[ClusterLabs] Why Do All The Services Go Down When Just One Fails?

Mon Feb 18 10:53:45 EST 2019

On Sun, 2019-02-17 at 20:33 +0300, Andrei Borzenkov wrote:
> 17.02.2019 0:33, Andrei Borzenkov пишет:
> > 17.02.2019 0:03, Eric Robinson пишет:
> > > Here are the relevant corosync logs.
> > > 
> > > It appears that the stop action for resource p_mysql_002 failed,
> > > and that caused a cascading series of service changes. However, I
> > > don't understand why, since no other resources are dependent on
> > > p_mysql_002.
> > > 
> > 
> > You have mandatory colocation constraints for each SQL resource
> > with
> > VIP. it means that to move SQL resource to another node pacemaker
> > also
> > must move VIP to another node which in turn means it needs to move
> > all
> > other dependent resources as well.
> > ...
> > > Feb 16 14:06:39 [3912] 001db01a    pengine:  warning:
> > > check_migration_threshold:        Forcing p_mysql_002 away from
> > > 001db01a after 1000000 failures (max=1000000)
> > 
> > ...
> > > Feb 16 14:06:39 [3912] 001db01a    pengine:   notice:
> > > LogAction:         *
> > > Stop       p_vip_clust01     (                   001db01a
> > > )   blocked
> > 
> > ...
> > > Feb 16 14:06:39 [3912] 001db01a    pengine:   notice:
> > > LogAction:         *
> > > Stop       p_mysql_001       (                   001db01a )   due
> > > to colocation with p_vip_clust01
> 
> There is apparently more in it. Note that p_vip_clust01 operation is
> "blocked". That is because mandatory order constraint is symmetrical
> by
> default, so to move VIP pacemaker needs first to stop it on current
> node; but before it can stop VIP it needs to (be able to) stop
> p_mysql_002; but it cannot do it because by default when "stop" fails
> without stonith, resource is blocked and no further actions are
> possible
> - i.e. resource can no more (tried to) be stopped.
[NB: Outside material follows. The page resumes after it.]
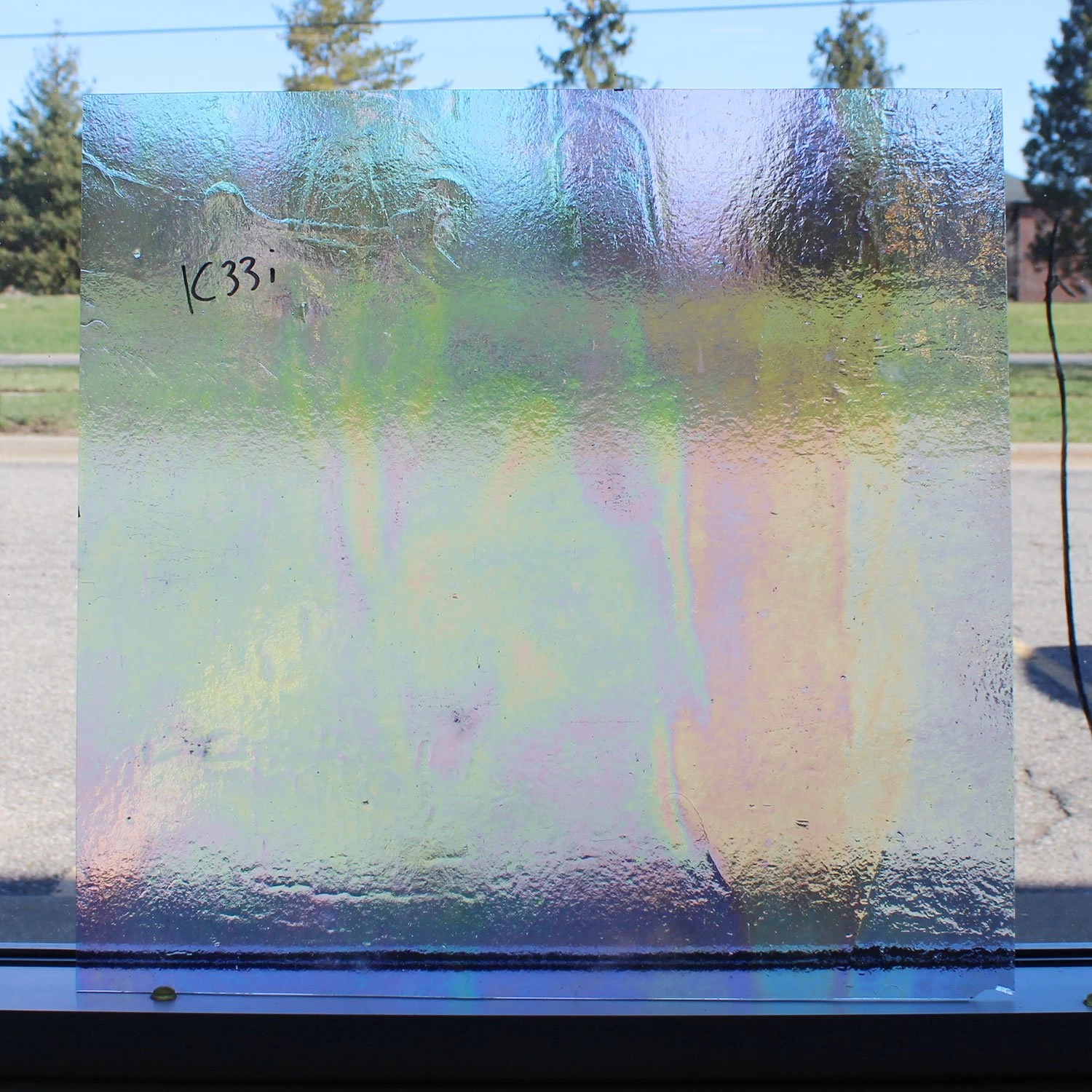 Kokomo Clear Light Seedy Transparent Iridized - Image 3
Correct, failed stop actions are special -- an on-fail policy of "stop"
or "restart" requires a stop, so obviously they can't be applied to
failed stops. As you mentioned, without fencing, on-fail defaults to
"block" for stops, which should freeze the resource as it is.

> I still consider is rather questionable behavior. I tried to
> reproduce
> it and I see the same.
> 
> 1. After this happens resource p_mysql_002 has target=Stopped in CIB.
> Why, oh why, pacemaker tries to "force away" resource that is not
> going
> to be started on another node anyway?

Without having the policy engine inputs, I can't be sure, but I suspect
p_mysql_002 is not being forced away, but its failure causes that node
to be less preferred for the resources it depends on.

> 2. pacemaker knows that it cannot stop (and hence move)
> p_vip_clust01,
> still it happily will stop all resources that depend on it in
> preparation to move them and leave them at that because it cannot
> move

I think this is the point at which the behavior is undesirable, because
it would be relevant whether the move was related to the blocked
failure or not. Feel free to open a bug report and attach the relevant
policy engine input (or a crm_report).

> them. Resources are neither restarted on current node, nor moved to
> another node. At this point I'd expect pacemaker to be smart enough
> and
> not even initiate actions that are known to be unsuccessful.
> 
> The best we can do at this point is set symmetrical=false which
> allows
> move to actually happen, but it still means downtime for resources
> that
> are moved and has its own can of worms in normal case.
--
Ken Gaillot <kgaillot at redhat.com>